**Exercise data**
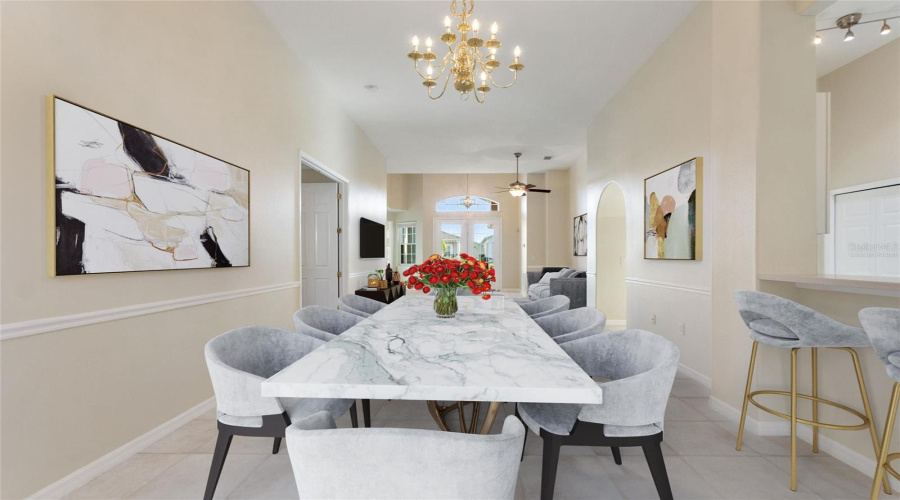 Virtually staged dining area of great room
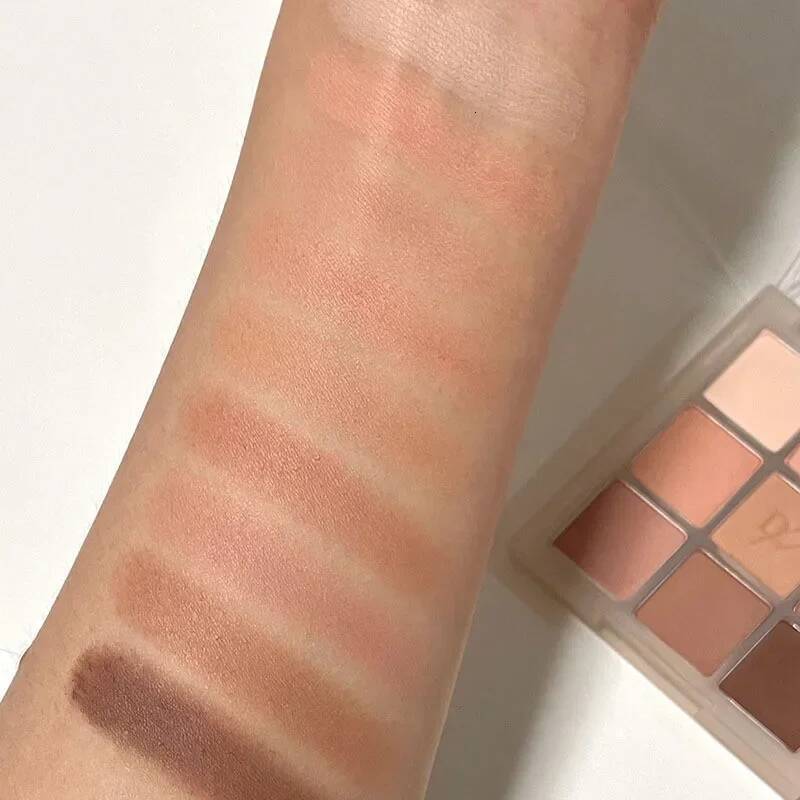 DIKALU New Nine-color Palette Rose Pink Color Pearly Matte Glitter Eyeshadow Shiny Shadow Long-lasting Eye Makeup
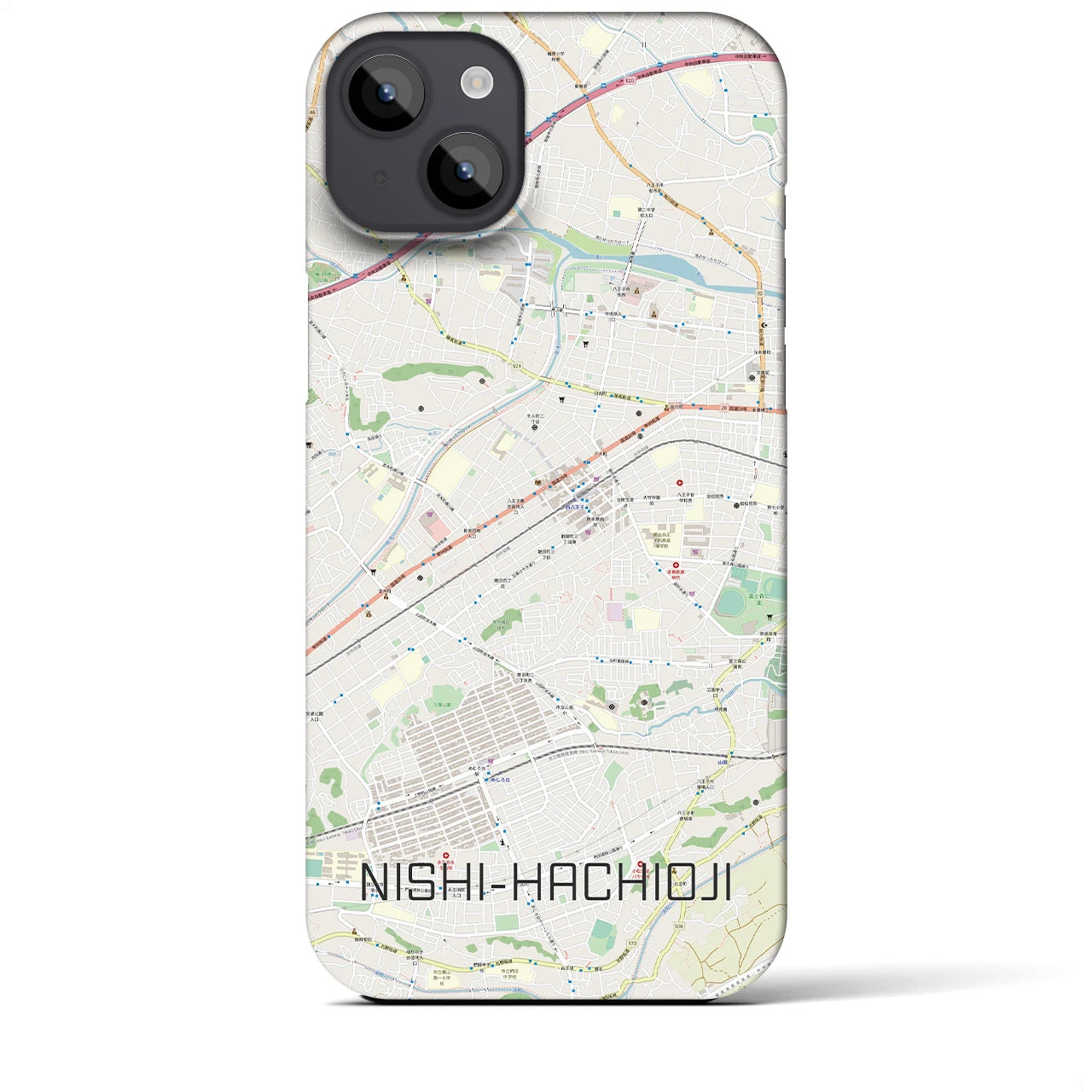 【西八王子(東京都)】地図柄iPhoneケース(バックカバータイプ)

**Problem to solve**
Retype the data word for word and keep the pictures out of it.

**Response below**
 Virtually staged dining area of great room
 DIKALU New Nine-color Palette Rose Pink Color Pearly Matte Glitter Eyeshadow Shiny Shadow Long-lasting Eye Makeup
 【西八王子(東京都)】地図柄iPhoneケース(バックカバータイプ)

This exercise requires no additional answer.